Five lifetimes and million sodas might not quite do it, even still. From The Numbers Guy, Carl Bialik of The Wall Street Journal:
But for all you lottery players, there is hope. Underwriters believe the odds are much better--the "odds of someone winning are very high, from an underwriting perspective". Really? How's that?
Patrons get game pieces with the purchase of certain menu items or by sending in a self-addressed, stamped envelope. To collect the grand prize this year, a customer must gather four game pieces corresponding to the four railroads on the Monopoly game board. The agate-like official rules say the odds of this happening are "approximately 1 in 41,497,391,309."
"In other words, you have a better chance of getting struck by lightning while on your way home from purchasing a winning Lotto ticket with your wife, Jessica Alba, the first lady of the United States," Richard Roeper wrote in the Chicago Sun-Times. The odds are also far worse than some estimates of the probability of picking a perfect NCAA bracket, as cited in a Numbers Guy column in March. (As the blog Fast Food News pointed out, at least the odds are better than they were when employees of the company hired to run the promotion hoarded the rare game pieces, a scandal uncovered in 2001.)
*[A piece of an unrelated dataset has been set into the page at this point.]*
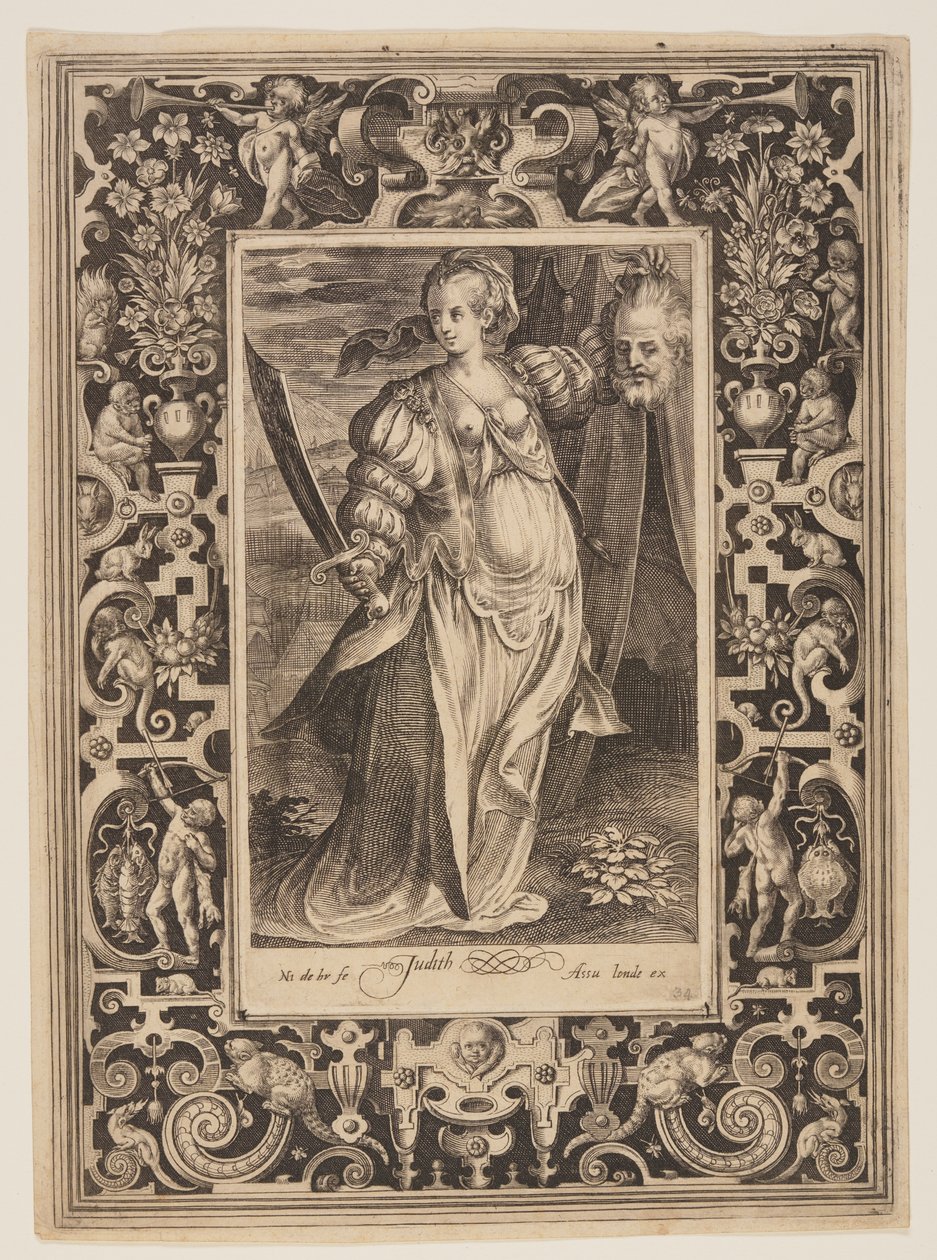 Judith, prato seis de Os Nove Dignos de Nicolaes de Bruyn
That's because the person who gets that rare piece is likely to take extreme measures to get the other three, "if they know they've got that rare game piece." Insurers typically take into consideration a "look factor," or the probability that a big winner will notice that she's won, rather than crumpling up the game piece in a french fry carton. This factor can range from 5% up to 60%, Mr. LaCroix said, and depends heavily on how much the sponsor has marketed the game and thereby raised awareness among the players.This brings me to a sad realization: I think I had the winning piece and threw it out. I had no idea there were "rare" pieces. I had no idea the railroad one was rare. All I've been getting is railroad pieces. One of them had to be the winning property. I just know it!
You see that? You see how it works? McDonald's won't make any $5 million dollar winners but it might spawn a whole class of crazy people which is good news for the mental health profession.